Exercise details: How many lines below hold the string "Polyclonal"? Report that number alone.

Brief descriptive captions
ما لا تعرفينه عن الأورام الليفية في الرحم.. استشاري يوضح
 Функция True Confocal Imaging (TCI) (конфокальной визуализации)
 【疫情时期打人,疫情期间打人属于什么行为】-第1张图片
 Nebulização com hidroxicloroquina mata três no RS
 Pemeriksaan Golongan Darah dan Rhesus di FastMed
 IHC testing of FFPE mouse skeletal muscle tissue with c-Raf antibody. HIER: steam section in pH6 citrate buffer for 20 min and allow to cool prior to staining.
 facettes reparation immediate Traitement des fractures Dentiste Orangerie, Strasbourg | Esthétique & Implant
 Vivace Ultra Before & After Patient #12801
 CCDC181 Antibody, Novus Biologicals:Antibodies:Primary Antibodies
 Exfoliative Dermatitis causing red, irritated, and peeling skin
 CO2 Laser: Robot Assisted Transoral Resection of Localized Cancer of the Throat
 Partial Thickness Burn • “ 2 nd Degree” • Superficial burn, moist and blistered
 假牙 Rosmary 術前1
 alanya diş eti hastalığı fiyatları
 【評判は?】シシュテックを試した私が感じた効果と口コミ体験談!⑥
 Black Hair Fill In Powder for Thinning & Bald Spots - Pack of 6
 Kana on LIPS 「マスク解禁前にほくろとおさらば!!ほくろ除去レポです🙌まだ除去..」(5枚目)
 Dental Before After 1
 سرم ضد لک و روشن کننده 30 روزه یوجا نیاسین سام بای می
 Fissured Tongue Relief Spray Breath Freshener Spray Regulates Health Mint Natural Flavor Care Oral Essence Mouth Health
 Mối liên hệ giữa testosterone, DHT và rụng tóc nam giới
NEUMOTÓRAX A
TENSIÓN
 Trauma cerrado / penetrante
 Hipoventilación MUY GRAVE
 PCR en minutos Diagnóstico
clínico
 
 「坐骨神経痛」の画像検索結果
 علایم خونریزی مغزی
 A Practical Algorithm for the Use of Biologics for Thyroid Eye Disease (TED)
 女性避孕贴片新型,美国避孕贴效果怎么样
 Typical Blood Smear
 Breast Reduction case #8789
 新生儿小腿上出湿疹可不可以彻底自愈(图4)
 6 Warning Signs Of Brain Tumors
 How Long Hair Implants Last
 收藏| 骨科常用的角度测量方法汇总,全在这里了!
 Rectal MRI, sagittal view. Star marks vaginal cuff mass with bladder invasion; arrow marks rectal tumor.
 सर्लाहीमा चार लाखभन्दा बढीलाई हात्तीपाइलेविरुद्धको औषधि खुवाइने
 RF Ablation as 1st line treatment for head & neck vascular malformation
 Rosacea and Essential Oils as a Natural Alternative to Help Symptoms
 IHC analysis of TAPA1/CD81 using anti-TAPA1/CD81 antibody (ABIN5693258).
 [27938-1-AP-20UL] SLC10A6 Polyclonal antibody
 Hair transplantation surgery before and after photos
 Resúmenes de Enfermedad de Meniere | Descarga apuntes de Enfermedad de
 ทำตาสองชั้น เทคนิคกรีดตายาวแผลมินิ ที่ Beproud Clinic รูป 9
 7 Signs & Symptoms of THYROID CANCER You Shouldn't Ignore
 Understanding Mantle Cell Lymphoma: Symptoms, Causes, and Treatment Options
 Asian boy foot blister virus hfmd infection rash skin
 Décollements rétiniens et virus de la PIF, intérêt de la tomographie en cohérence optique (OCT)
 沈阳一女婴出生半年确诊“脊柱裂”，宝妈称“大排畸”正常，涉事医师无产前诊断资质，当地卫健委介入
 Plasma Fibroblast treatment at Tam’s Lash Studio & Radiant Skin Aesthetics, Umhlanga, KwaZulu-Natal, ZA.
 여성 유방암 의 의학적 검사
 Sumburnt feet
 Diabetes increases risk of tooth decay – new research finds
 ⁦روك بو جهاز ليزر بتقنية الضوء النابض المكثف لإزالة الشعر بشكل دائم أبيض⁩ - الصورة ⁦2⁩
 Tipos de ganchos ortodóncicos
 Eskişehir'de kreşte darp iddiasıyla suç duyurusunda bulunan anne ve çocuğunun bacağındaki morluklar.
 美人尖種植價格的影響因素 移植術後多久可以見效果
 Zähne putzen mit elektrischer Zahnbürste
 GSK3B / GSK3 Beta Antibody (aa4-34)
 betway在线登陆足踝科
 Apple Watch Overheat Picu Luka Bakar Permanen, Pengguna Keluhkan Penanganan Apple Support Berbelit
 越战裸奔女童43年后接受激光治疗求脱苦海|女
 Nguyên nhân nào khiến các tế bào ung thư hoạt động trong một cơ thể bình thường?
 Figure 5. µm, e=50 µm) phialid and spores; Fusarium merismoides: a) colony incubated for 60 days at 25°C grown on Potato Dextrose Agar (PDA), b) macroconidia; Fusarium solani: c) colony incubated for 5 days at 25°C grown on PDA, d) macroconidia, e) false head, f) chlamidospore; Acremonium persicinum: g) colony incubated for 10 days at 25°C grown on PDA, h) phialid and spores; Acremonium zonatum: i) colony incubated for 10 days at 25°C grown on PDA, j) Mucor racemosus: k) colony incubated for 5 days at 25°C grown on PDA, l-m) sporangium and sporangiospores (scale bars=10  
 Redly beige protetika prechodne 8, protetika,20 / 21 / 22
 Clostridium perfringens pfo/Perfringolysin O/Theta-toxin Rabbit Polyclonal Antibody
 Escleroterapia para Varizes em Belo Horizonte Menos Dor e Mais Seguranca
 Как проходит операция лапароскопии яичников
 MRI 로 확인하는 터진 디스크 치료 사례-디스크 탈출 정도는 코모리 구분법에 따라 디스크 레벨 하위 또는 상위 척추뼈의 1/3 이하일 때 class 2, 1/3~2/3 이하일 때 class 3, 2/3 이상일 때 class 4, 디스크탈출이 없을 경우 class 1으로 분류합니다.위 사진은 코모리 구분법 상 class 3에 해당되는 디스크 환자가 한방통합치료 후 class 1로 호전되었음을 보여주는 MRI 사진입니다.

Your response: 2